> Material to process

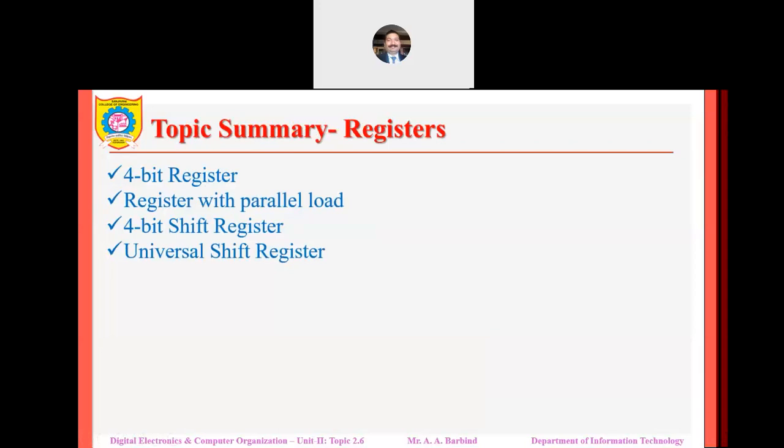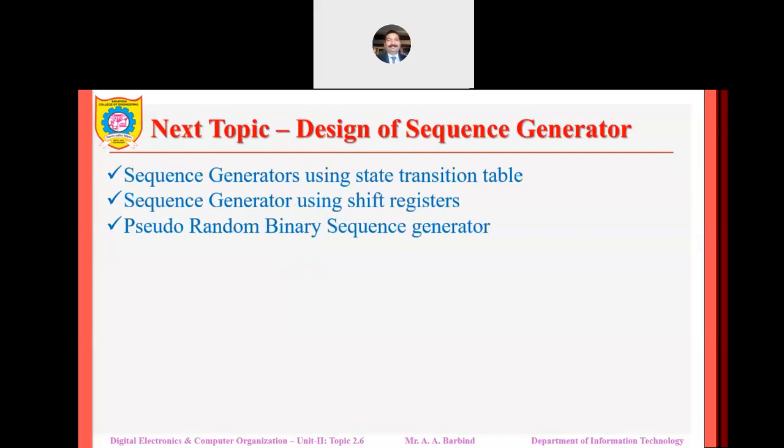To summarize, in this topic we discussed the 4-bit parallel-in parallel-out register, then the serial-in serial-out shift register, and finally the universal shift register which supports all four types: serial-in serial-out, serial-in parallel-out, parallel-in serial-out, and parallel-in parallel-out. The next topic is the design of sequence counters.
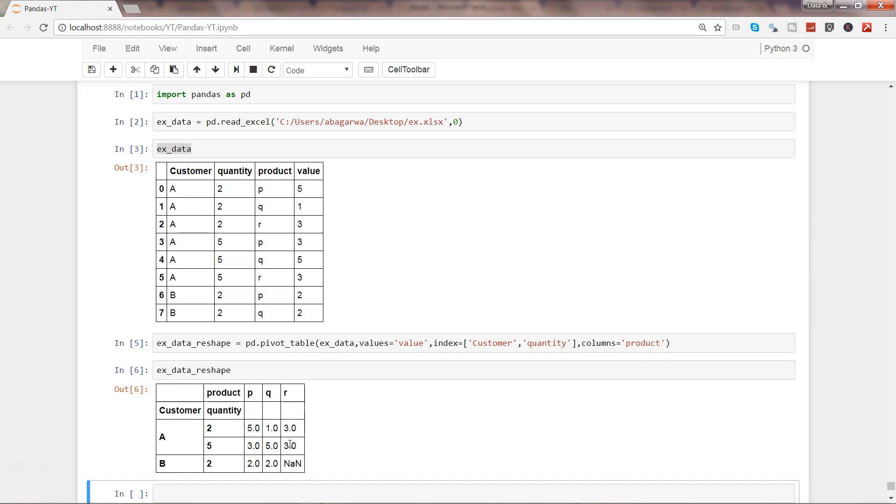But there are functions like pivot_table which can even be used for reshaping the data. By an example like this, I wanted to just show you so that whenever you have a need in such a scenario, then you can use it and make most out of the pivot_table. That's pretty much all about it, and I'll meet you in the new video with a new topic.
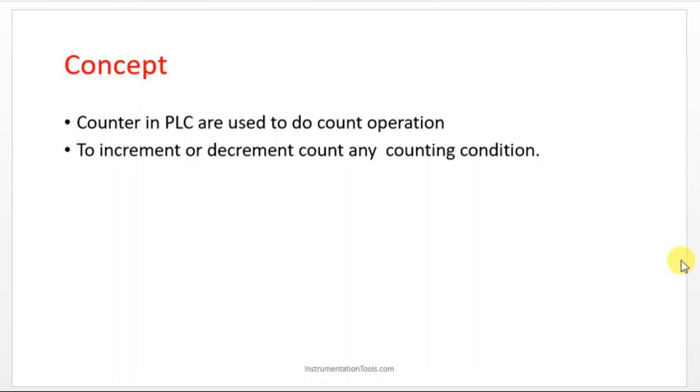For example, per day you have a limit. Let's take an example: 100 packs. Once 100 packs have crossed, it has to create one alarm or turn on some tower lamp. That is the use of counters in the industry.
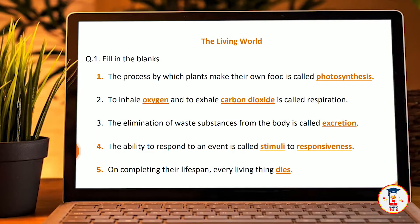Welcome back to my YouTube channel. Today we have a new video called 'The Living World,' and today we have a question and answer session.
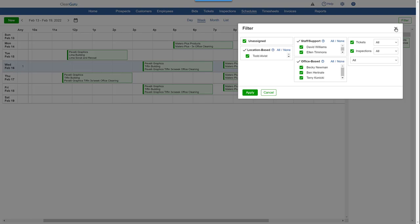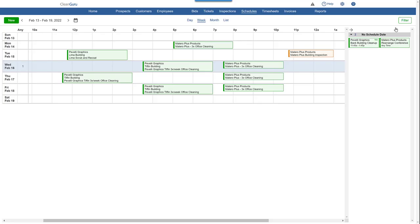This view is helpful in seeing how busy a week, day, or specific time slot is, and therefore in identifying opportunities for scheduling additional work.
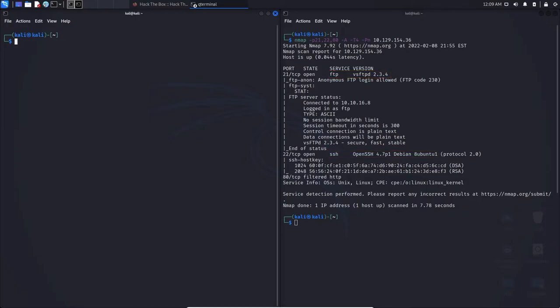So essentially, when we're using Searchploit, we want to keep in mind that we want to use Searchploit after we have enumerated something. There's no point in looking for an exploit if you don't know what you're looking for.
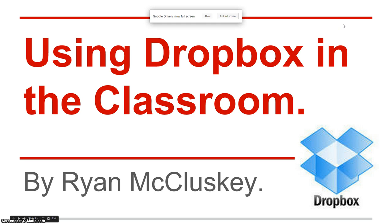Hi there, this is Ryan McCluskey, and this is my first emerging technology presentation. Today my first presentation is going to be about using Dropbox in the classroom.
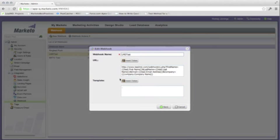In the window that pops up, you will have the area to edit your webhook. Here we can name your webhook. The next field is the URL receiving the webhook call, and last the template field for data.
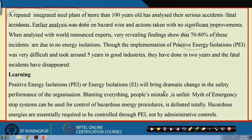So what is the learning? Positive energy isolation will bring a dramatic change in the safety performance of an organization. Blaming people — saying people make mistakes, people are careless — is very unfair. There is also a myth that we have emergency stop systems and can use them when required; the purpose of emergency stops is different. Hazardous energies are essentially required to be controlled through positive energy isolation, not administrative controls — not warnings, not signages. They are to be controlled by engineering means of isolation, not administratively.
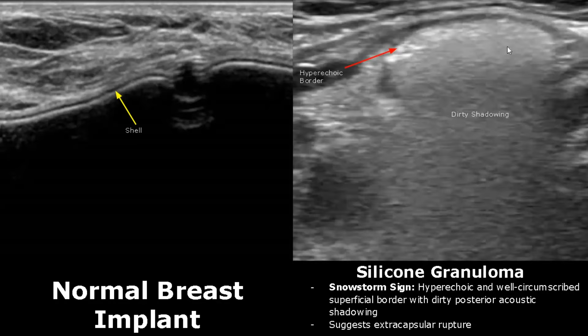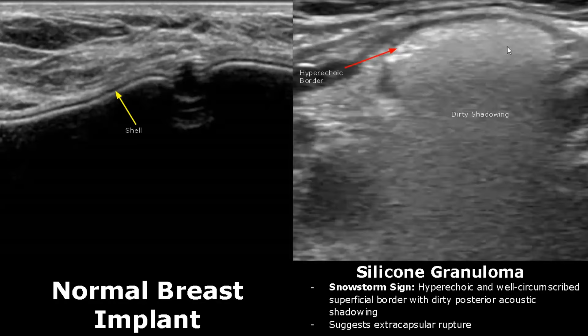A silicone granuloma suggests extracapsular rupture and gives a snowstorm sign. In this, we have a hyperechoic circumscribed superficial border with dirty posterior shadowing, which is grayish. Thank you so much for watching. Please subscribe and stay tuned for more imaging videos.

> Activity
Output only the lines above from the line that holds "This view is" through the line that holds "So essentially, when", both ends included, and exclude pictures.

> Completed task
This view is helpful in seeing how busy a week, day, or specific time slot is, and therefore in identifying opportunities for scheduling additional work.
So essentially, when we're using Searchploit, we want to keep in mind that we want to use Searchploit after we have enumerated something. There's no point in looking for an exploit if you don't know what you're looking for.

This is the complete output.